Show that $P_n\Rightarrow P$ if and only if $P_n(x_k)\rightarrow P(x_k)$ for every $k\ge$ and $\sum_{k=1}^\infty P(x_k)=1$

Question

Let $C=\{x_1,x_2,...x_k\}$ be a countable set of $\mathbb{R}$. Let $\{P_n\}$ and $P$ be probability measures on $C$. Show that $P_n\Rightarrow P$ if and only if $P_n(x_k)\rightarrow P(x_k)$ for every $k\ge$ and $\sum_{k=1}^\infty P(x_k)=1$.

I have always used this equivalent condition to prove weak convergence assuming its correctness intuitively. For example, it helps when proving Binomial to Poisson convergence etc. I'm not sure how to prove it. Regardless, here is an attempt.

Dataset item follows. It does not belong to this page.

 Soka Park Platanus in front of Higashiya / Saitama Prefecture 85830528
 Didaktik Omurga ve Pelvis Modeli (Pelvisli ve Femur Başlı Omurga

$(\Leftarrow)$ $\int f(x)dP_n(x)=\sum_{k\in\mathbb{N}}f(x_k)P_n(x_k)\overset{n\rightarrow\infty}{\longrightarrow}\underbrace{\sum_{k\in\mathbb{N}}f(x_k)P(x_k)}_{\text{by DCT}}=\int f(x)dP(x)$

$(\Rightarrow)$ I need to find some specific continuous bounded function $f$ for this, but I'm unable to figure it.

Note. I don't want to use other equivalent definitions to prove this as I'm required to prove them via these.